According to a note from Deutsche Bank Research sent to clients on Monday, credit scores among people aged 30 to 59 declined as of June when compared with April of last year.
A credit score between 670 and 739 is generally considered “good.”
The potential culprit? Higher delinquency on auto loans, researchers posited.
Auto loan balances increased by $18 billion in the third quarter, according to the New York Federal Reserve Bank, to $1.32 trillion.
While aggregate delinquency rates rose in the third quarter to 4.8 percent, researchers noted that underwriting standards tightened for auto loans, and the median originating credit score rose 8 points to 771.
About 2.34 percent of auto loans were in serious delinquency, or 90 days-plus overdue. That rate is on par with the second quarter.
However, in the first quarter, auto loans considered in serious delinquency hit 4.3 percent.
According to Experian, the average FICO score in the second quarter was 703, though the average scores tended to vary by age. Americans between the ages of 20 and 29 had the lowest average score, 662, compared to people aged 60 and over, whose scores averaged 749. The state with the highest average credit score as of the second quarter – 733 – was Minnesota.

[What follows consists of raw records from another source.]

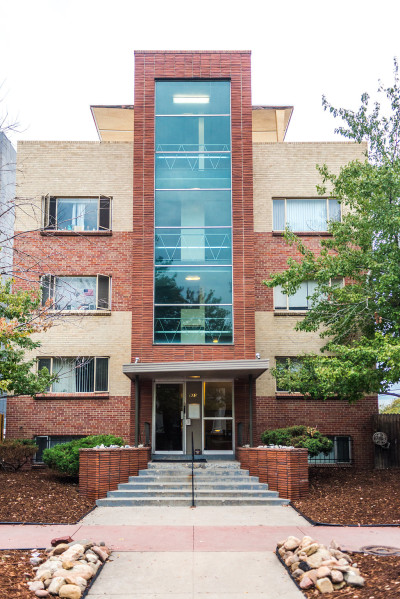 935 Logan St.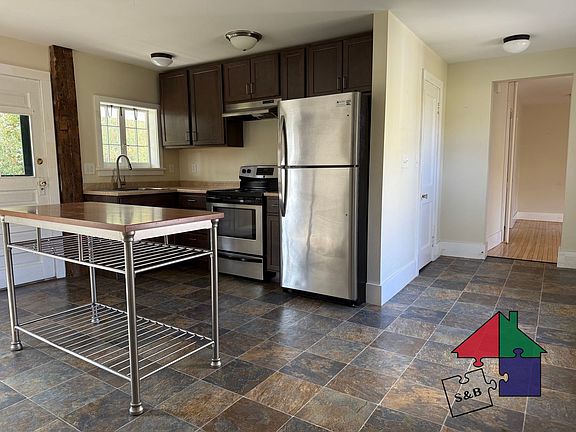 5th image of 123 Hill St #1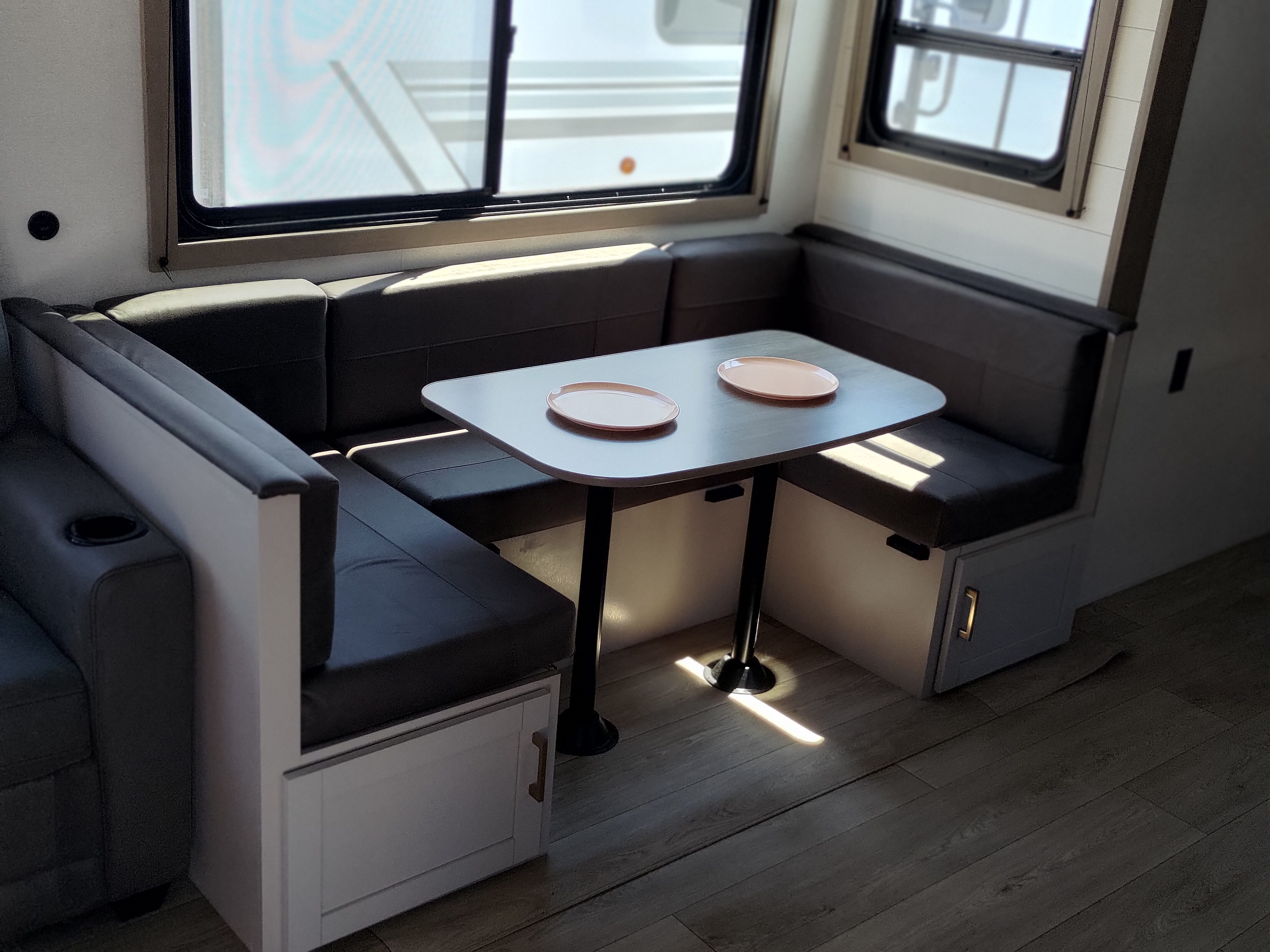 2027 JAYCO JAY FLIGHT TRAVEL TRAILER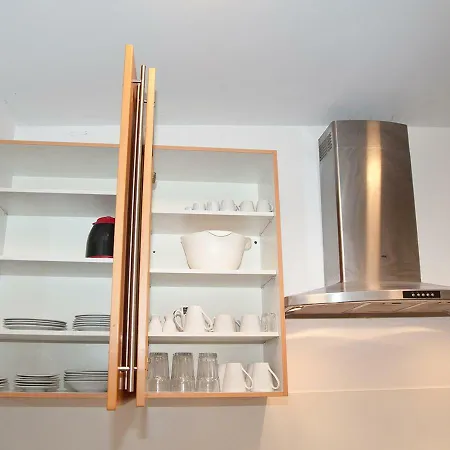 Looks Apartment *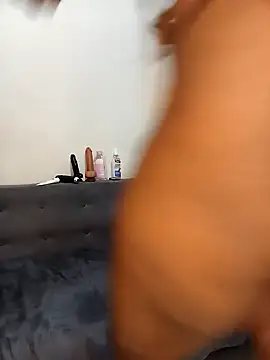 Cocowett online show from March 18, 2025, 2:51 am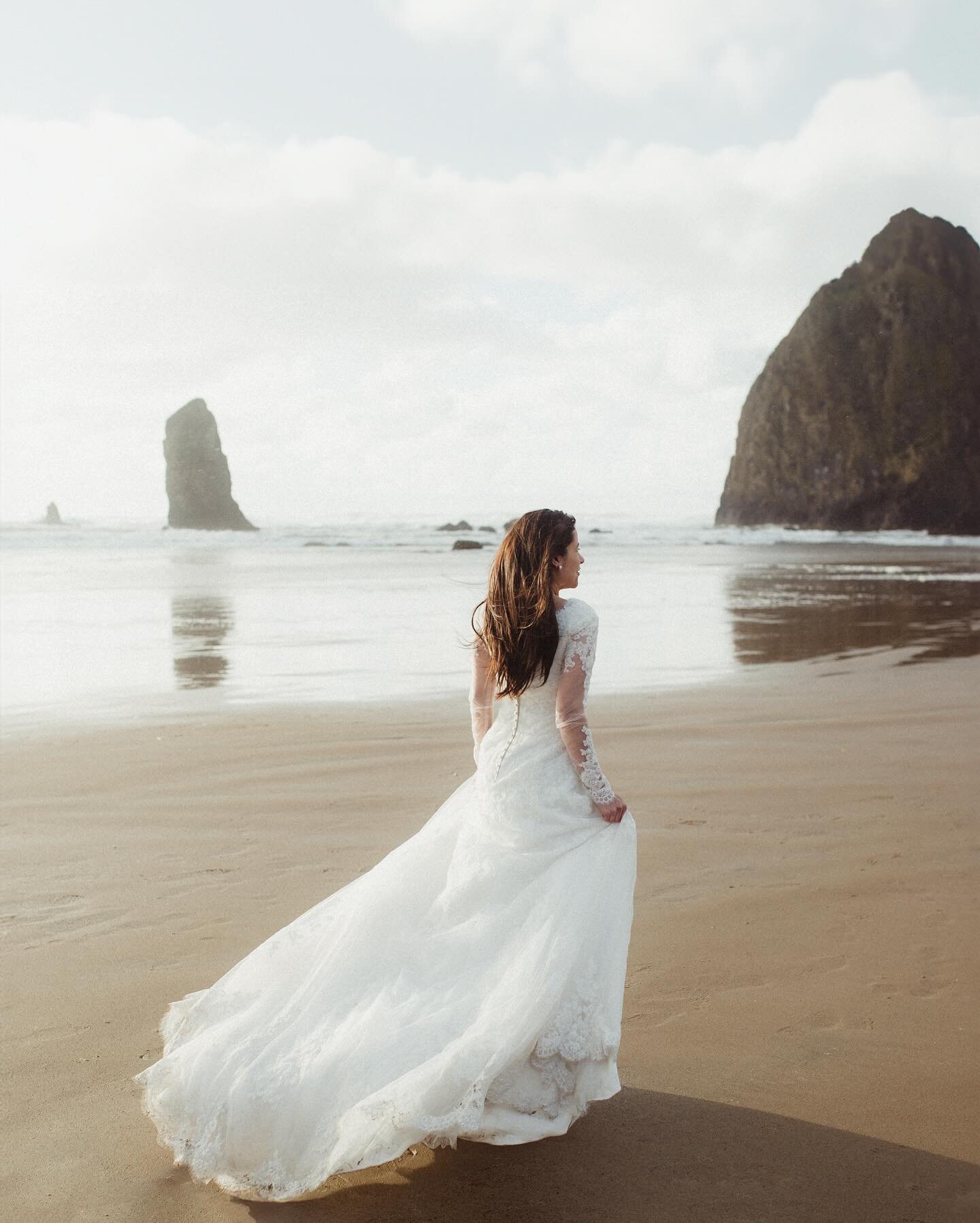 Oregon 💚🤍 #utahweddingphotographer #destinationweddingphotographer #blackandwhite #cannonbeach #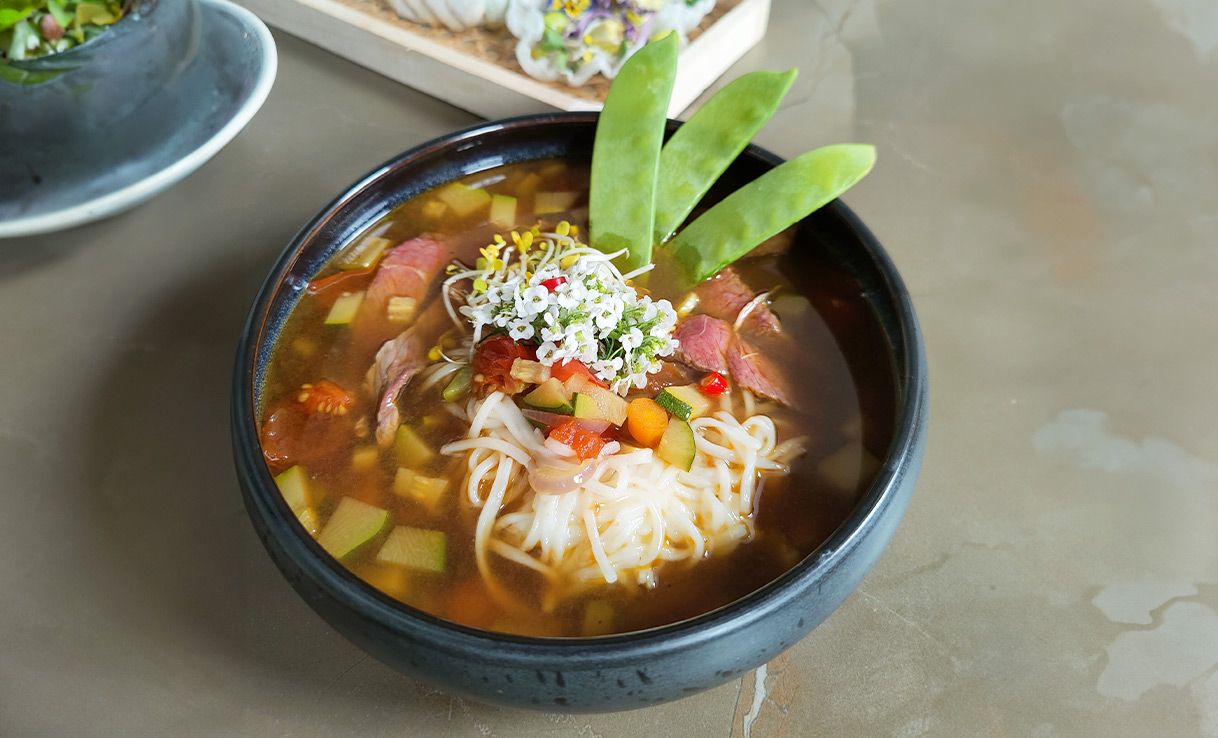 Schüssel mit Pho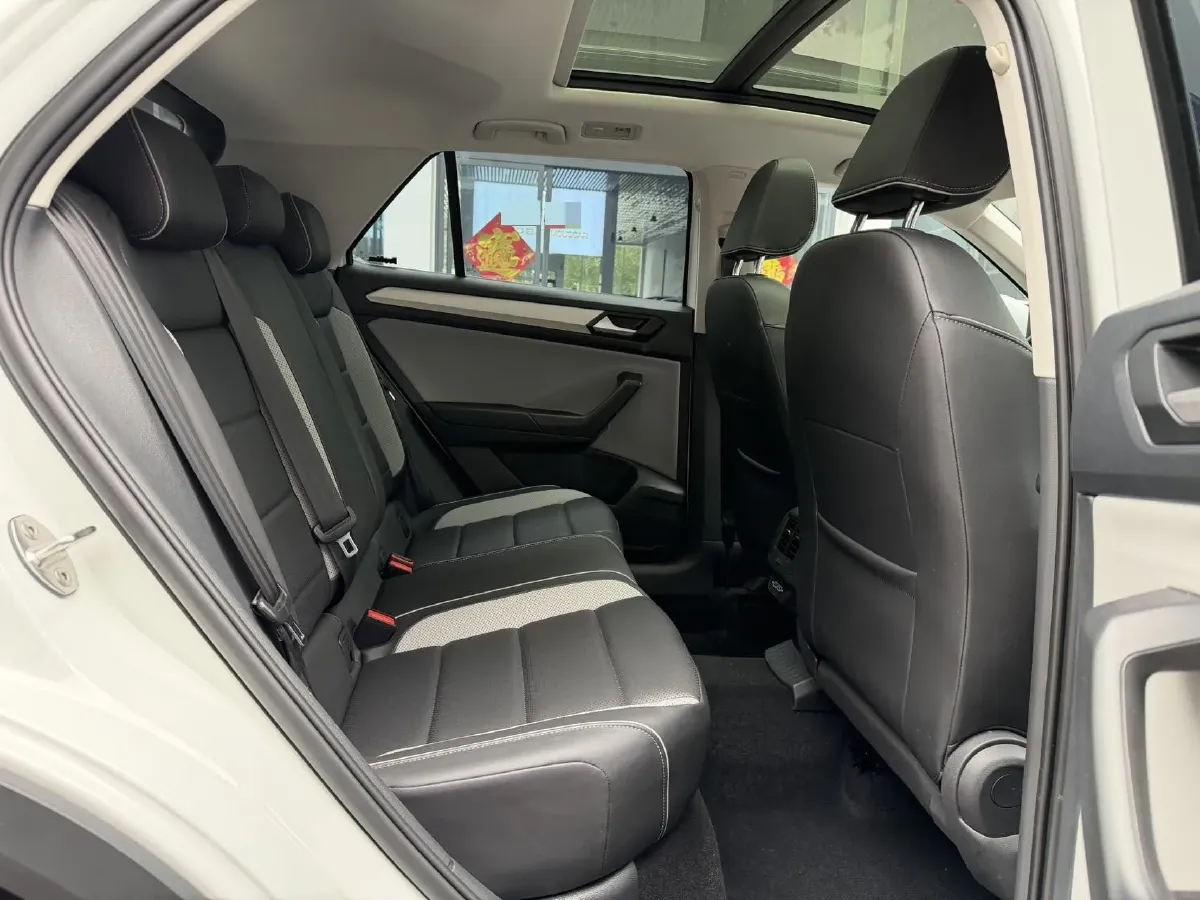 2023 Volkswagen T-Roc 1.4T 150HP L4 7DCT,autocango,china used car exporter,china ev exporter,chinese used car exporter,chinese used ev exporter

The average FICO credit score reached 704 last year, according to a report released by the scoring company, an all-time high.
As previously reported by FOX Business, there are mounting concerns that credit scores don’t accurately reflect probability of repayment. During times when the job market is strong and wages are increasing, it is much easier to meet monthly payments – meaning credit scores may be increasing while overall creditworthiness has effectively remained the same.
For people looking to raise their rating, there are a few steps to take that can help. Among them are paying bills on time, being wary of how much credit is utilized and having active older accounts.